Road Work Ahead is a fairly interesting band among top-flight jazz combos: Born during a 1980s recording session for a Bob Magnusson album, the group has toured and recorded intermittently through the years — always picking up right where they left off, whether it was the night before or a decade earlier.
Magnusson is the Point Loma-raised bassist who, fresh out of school, landed a gig with Buddy Rich, then Sarah Vaughan. Guitarist Peter Sprague is the Tony Gwynn of San Diego’s jazz scene — a first-ballot hall of famer who could live anywhere, but chooses to live in Del Mar except when he’s on tour playing behind Dianne Reeves.
Drummer Jim Plank combined with Magnusson as the house band at Elario’s atop the old Summerhouse Inn in La Jolla, playing weeklong engagements with everyone from Eddie “Cleanhead” Vinson to Harry “Sweets” Edison to Kenny Barron. When KPBS-TV producer Paul Marshall would film the Elario’s artists for his “Club Date” series in the 1980s and ’90s, he kept Plank and Magnusson aboard.
And while pianist Bill Mays no longer calls SoCal home — hasn’t for some three decades — whenever he’s back in the area from his New York base, visiting family, he seems to find time to hook up with his above three colleagues to recast Road Work Ahead, whether for a one-night gig or more fortunately for the rest of us, in the recording studio.

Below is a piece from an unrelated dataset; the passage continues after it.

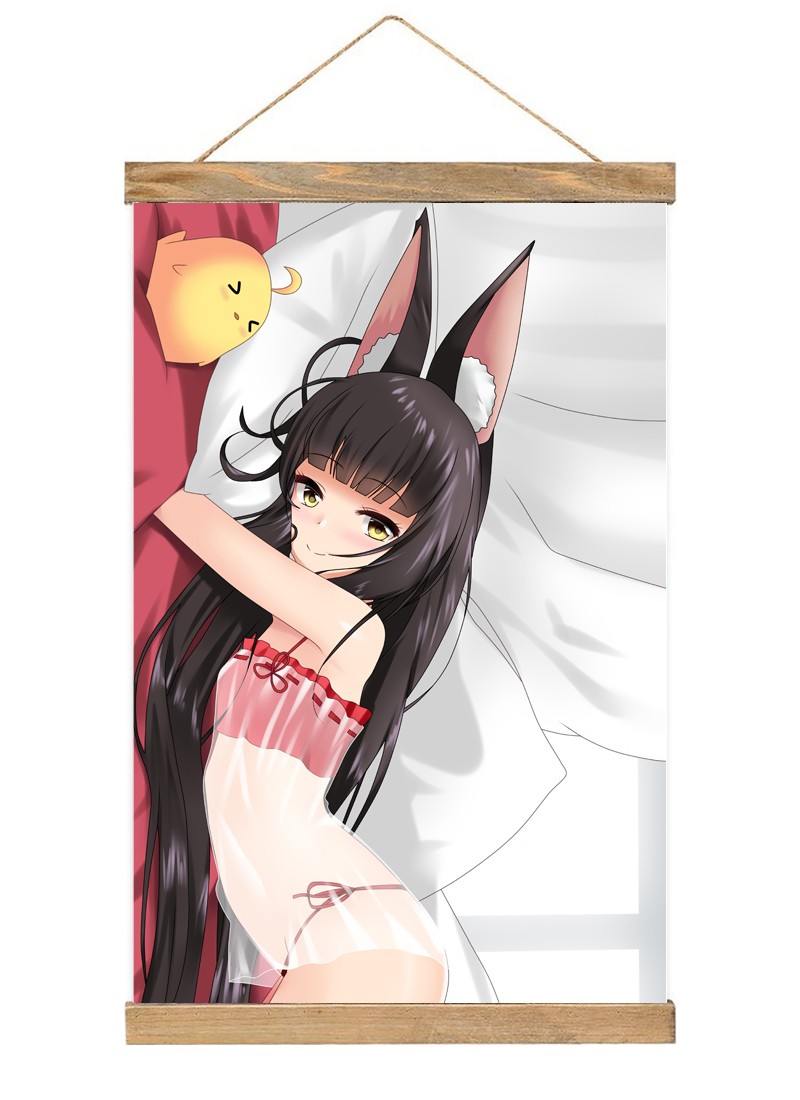 Azur Lane Akagi-1 Scroll Painting Wall Picture Anime Wall Scroll Hanging Home Decor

The band’s latest release, Intersection, on Sprague’s Strivin’ to Break Even Records, finds the band’s straight-ahead chops only burnished with the passing years, their copacetic spirit somehow enhanced by the time apart. (Their last album had been 2004’s On the Road Again; the previous two before that had been recorded in the early 1980s.)
Magnusson and Plank are one of the all-time great jazz rhythm sections, their shared concepts of time and meter creating a supple foundation so organic it sounds as if a single person is playing both bass and drums. That solid back end frees up Mays and Sprague to lithely bounce from playing the lead to joining the rhythm section and then go out front again. It’s as seamless a transition from support to starring role as you’ll ever hear.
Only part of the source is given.